◆ What is being asked ◆
Exactly as they stand, copy the lines from the one containing "Megawati Serukan Kesetaraan" to the final line of the data; leave out the pictures.

◆ Supplied information ◆
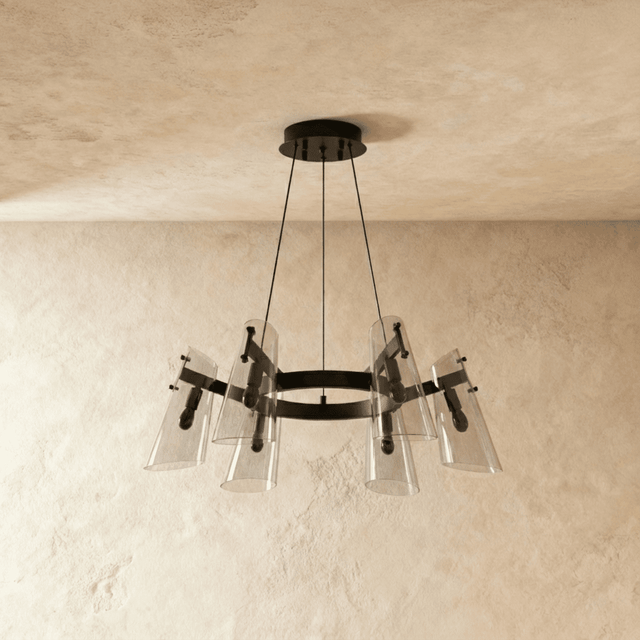 Elysta Chandelier - Residence Supply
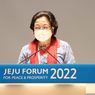 Megawati Serukan Kesetaraan Dunia Tanpa Sekat Perbedaan di Jeju Forum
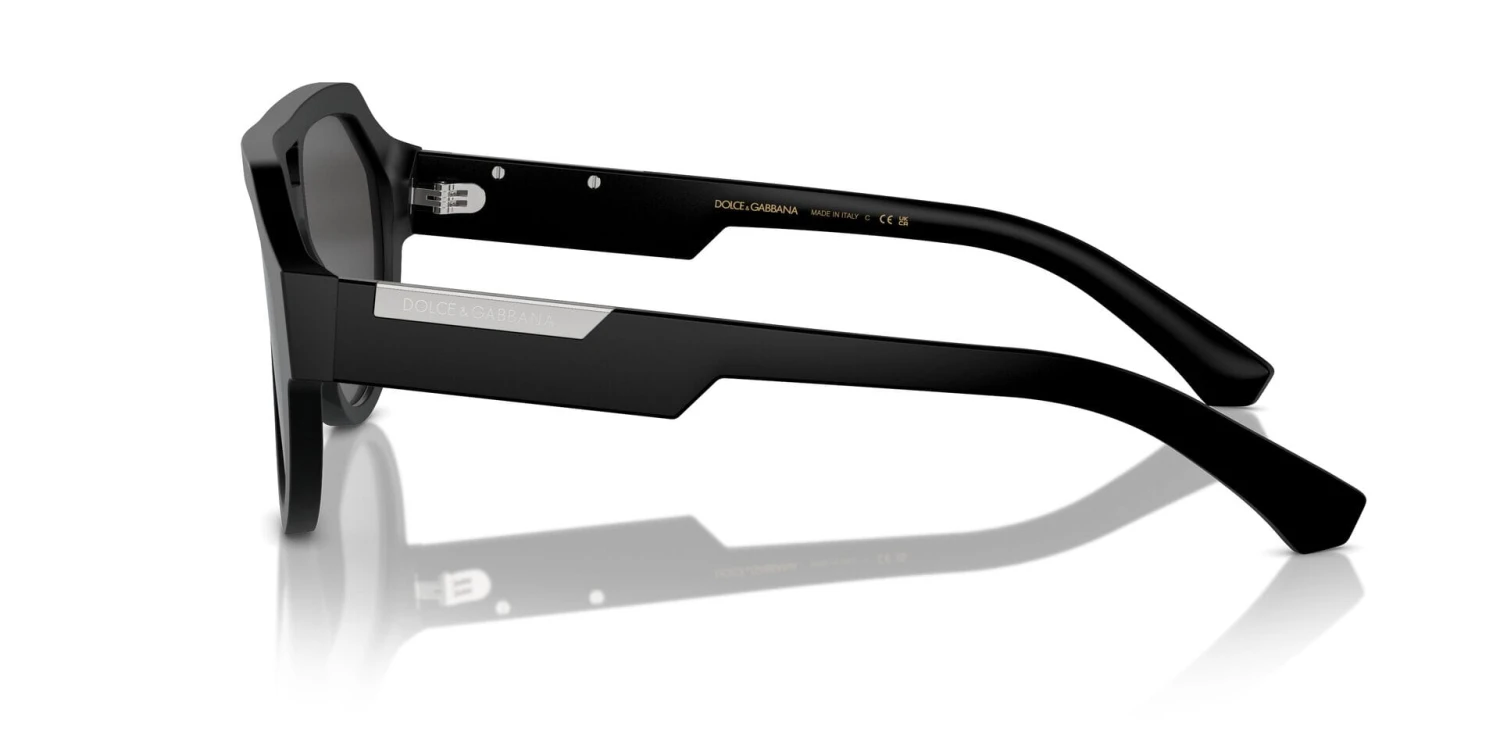 Dolce & Gabbana Dolce&Gabbana DG4466 2525/6G 3 Dolce & Gabbana Dolce&Gabbana DG4466 2525/6G - Image 3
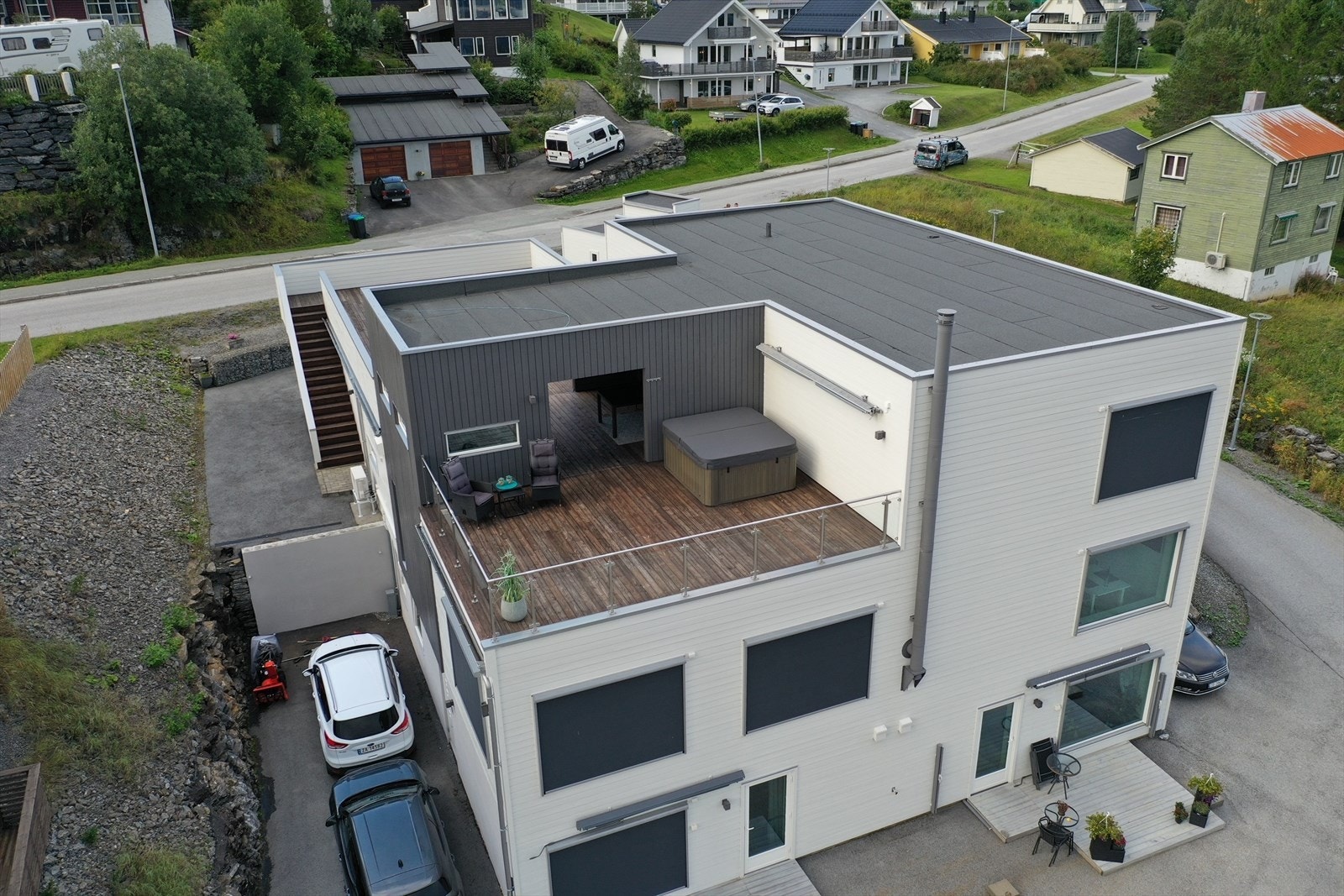 Selgers bilde. Galleribilde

◆ Task answer ◆
 Megawati Serukan Kesetaraan Dunia Tanpa Sekat Perbedaan di Jeju Forum
 Dolce & Gabbana Dolce&Gabbana DG4466 2525/6G 3 Dolce & Gabbana Dolce&Gabbana DG4466 2525/6G - Image 3
 Selgers bilde. Galleribilde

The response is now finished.